Pour retrouver son petit-fils préféré qui a disparu en France, avalé par l’ogre du football, elle présente une demande de visa. On la lui refuse. Alors elle s’adresse au Président de la République Française. Une à une, elle répond scrupuleusement à toutes les questions posées par le formulaire officiel 13-0021. Mais nul n’a jamais pu enfermer Madame Bâ dans un cadre.
Nom, prénoms, lieu de naissance ? Madame Bâ raconte l’enfance émerveillée au bord du fleuve, l’amour d’un père, l’apprentissage des oiseaux…
Situation de famille ? Madame Bâ raconte sa passion somptueuse et douloureuse pour un trop beau mari peul.

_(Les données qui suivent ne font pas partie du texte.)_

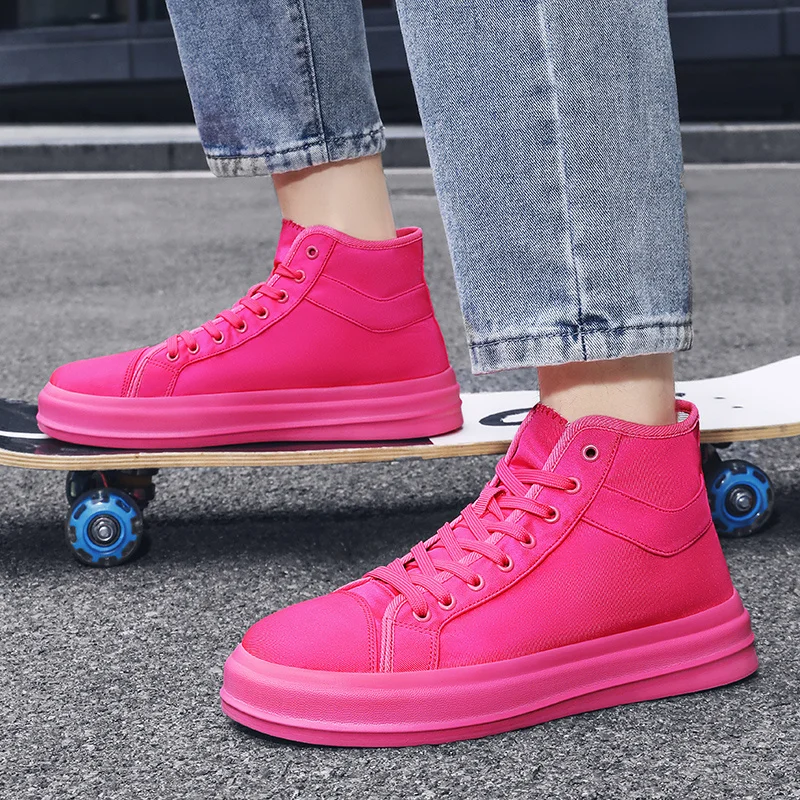 Sapato de lona clássico para homens e mulheres, tênis de topo alto, confortável, respirável, leve, liso, skate, vermelho, masculino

Enfants ? Madame Bâ raconte ses huit enfants, cette étrange » maladie de la boussole » qui les frappe…
Sans fard ni complaisance, Madame Bâ raconte l’Afrique d’aujourd’hui, ses violences, ses rêves cassés, ses mafias. Mais aussi ses richesses éternelles de solidarité, ce formidable tissage entre les êtres.
Madame Bâ est d’abord cela : le portrait d’une femme. Une femme africaine, c’est-à-dire une femme qui, plus encore que toutes les autres femmes, doit lutter pour sa dignité et sa liberté.
Erik Orsenna a choisi dans ce livre la communauté africaine des Soninkés car c’est, de loin, celle qui a le plus massivement émigré en France.
MADAME BA – CHAPITRE 1
Monsieur le Président de la République française,
J’ai bien réfléchi : notre ancêtre est un oiseau.
« Ô serefana ni yéliné gna », comme nous disons, nous autres Soninkés.
Je me suis éloignée du village, j’ai marché entre les
pousses de mil, j’ai posé les deux mains sur ma tête pour
me protéger du soleil, j’ai froncé les sourcils pour m’étirer
le cerveau et j’en suis arrivée à cette conclusion : celui qui
ne remonte pas aux siècles lointains des ailes ne comprend
rien à notre histoire.
Évidemment, je pourrais farfouiller encore plus haut
dans les souvenirs.
Au commencement était la mer, qui recouvrait l’Afrique.
Au commencement était le désert, quand la mer se retira.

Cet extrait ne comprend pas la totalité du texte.